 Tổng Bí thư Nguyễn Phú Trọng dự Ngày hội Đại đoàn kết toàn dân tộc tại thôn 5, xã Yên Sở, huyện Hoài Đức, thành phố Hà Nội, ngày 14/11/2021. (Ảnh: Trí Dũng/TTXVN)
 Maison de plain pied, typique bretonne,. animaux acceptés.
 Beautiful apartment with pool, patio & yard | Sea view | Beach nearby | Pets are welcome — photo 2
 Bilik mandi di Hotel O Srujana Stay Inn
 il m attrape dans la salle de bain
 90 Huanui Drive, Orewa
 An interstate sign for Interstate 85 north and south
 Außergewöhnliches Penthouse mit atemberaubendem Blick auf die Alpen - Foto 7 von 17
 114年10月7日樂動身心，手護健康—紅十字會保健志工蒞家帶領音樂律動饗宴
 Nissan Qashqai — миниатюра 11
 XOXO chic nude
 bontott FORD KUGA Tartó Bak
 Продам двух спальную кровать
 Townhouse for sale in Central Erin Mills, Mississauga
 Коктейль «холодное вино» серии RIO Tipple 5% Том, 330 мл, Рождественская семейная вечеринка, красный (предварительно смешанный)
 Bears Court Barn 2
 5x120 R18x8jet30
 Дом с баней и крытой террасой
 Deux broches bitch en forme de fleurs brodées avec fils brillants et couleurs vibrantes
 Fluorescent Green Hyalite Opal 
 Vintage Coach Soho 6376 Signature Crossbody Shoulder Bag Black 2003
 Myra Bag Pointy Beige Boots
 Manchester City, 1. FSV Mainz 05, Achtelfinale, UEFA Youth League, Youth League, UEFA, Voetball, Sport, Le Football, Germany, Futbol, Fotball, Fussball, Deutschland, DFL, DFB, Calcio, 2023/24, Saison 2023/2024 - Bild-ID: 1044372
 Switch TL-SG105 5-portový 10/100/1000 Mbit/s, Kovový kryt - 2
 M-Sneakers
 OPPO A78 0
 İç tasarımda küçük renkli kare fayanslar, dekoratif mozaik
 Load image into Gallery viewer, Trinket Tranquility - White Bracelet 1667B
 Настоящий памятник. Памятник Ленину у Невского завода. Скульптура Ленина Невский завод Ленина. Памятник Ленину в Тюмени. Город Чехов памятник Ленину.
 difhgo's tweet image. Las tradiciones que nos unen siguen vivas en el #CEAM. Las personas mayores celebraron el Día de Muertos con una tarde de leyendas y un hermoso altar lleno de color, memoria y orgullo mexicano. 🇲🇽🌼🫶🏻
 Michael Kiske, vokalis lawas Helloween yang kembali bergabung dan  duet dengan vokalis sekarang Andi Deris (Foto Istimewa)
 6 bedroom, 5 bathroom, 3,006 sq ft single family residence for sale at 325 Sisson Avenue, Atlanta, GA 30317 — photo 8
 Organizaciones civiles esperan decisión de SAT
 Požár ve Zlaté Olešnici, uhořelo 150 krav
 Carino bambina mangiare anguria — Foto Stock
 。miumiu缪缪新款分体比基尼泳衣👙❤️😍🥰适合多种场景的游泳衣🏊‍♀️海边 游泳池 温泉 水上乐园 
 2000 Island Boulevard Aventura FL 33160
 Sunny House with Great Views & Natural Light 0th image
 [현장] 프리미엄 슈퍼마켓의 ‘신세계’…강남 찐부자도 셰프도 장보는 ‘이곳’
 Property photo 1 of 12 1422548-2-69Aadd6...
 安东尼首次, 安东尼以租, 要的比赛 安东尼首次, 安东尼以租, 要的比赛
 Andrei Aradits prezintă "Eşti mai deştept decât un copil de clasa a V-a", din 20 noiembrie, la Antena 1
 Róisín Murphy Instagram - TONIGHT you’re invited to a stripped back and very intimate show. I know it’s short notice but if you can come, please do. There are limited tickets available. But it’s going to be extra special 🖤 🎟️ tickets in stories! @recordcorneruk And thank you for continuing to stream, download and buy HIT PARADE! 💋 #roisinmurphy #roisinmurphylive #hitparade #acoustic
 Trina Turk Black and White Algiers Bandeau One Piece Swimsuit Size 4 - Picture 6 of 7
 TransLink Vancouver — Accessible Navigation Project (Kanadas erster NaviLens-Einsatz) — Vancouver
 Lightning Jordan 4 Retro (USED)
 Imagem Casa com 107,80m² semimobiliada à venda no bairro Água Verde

Instructions for the task. Look above and return each line of the records exactly, from the very first through the line with "Townhouse for sale", both included.

Exercise solution.
 Tổng Bí thư Nguyễn Phú Trọng dự Ngày hội Đại đoàn kết toàn dân tộc tại thôn 5, xã Yên Sở, huyện Hoài Đức, thành phố Hà Nội, ngày 14/11/2021. (Ảnh: Trí Dũng/TTXVN)
 Maison de plain pied, typique bretonne,. animaux acceptés.
 Beautiful apartment with pool, patio & yard | Sea view | Beach nearby | Pets are welcome — photo 2
 Bilik mandi di Hotel O Srujana Stay Inn
 il m attrape dans la salle de bain
 90 Huanui Drive, Orewa
 An interstate sign for Interstate 85 north and south
 Außergewöhnliches Penthouse mit atemberaubendem Blick auf die Alpen - Foto 7 von 17
 114年10月7日樂動身心，手護健康—紅十字會保健志工蒞家帶領音樂律動饗宴
 Nissan Qashqai — миниатюра 11
 XOXO chic nude
 bontott FORD KUGA Tartó Bak
 Продам двух спальную кровать
 Townhouse for sale in Central Erin Mills, Mississauga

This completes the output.